Fast by Friday: Why Kernel Superpowers are Essential

It is not ok that we speed weeks, even months, trying to solve why software is slow. Companies waste money on compute costs, users are unhappy with latency, and product evaluations run out of investigation time. It should not take more than a week to identify the root cause or causes for a performance issue, such that any performance issue reported on a Monday should be solved by Friday, or sooner. The kernel superpowers we have been building are essential for this dream, and allow us to explore performance analysis methodologies to achieve this that were previously a fantasy.

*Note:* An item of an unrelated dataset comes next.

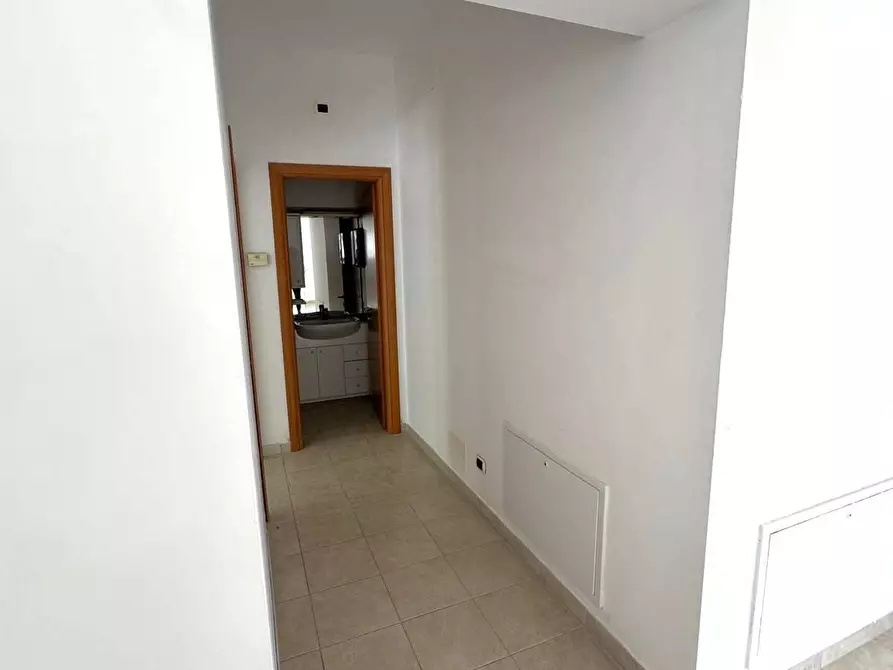 Immagine 6 di Locale commerciale in vendita  snc a Altidona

This talk explores the dream of “fast by Friday,” and shows how kernel technologies like eBPF, and performance methodologies, can get us there. The end goal is not more tools and metrics or having everyone learn eBPF bytecode. It’s about efficient computing, and solving inefficiencies as quickly as possible. It’s about saving cycles and carbon.

To be fast by Friday requires observability tools to work on Monday, and right now for many Linux environments that means /proc based tools and Ftrace, sometimes perf, and rarely the eBPF tracing tools: bcc and bpftrace. This and other current and future technical challenges will be discussed, including eBPF stack walking, runtime behavior and uprobes, compiler optimization defaults, OS default packages, and non-CPU targets (GPUs, accelerators).

Brendan GREGG

Brendan Gregg is an internationally renowned expert in computing performance. He is an Intel Fellow where he works on the performance of all hardware and software, especially cloud computing and eBPF. He authored Systems Performance and BPF Performance Tools (Addison-Wesley professional computing series), and received the USENIX LISA Outstanding Achievement award. Previously a performance expert at Netflix and Sun Microsystems, he has delivered industry-leading performance for various products. He also created widely used performance tools, methodologies, and visualizations, including flame graphs, and pioneered eBPF observability. His work has saved the industry over US$1B, and has been the basis for multiple startups.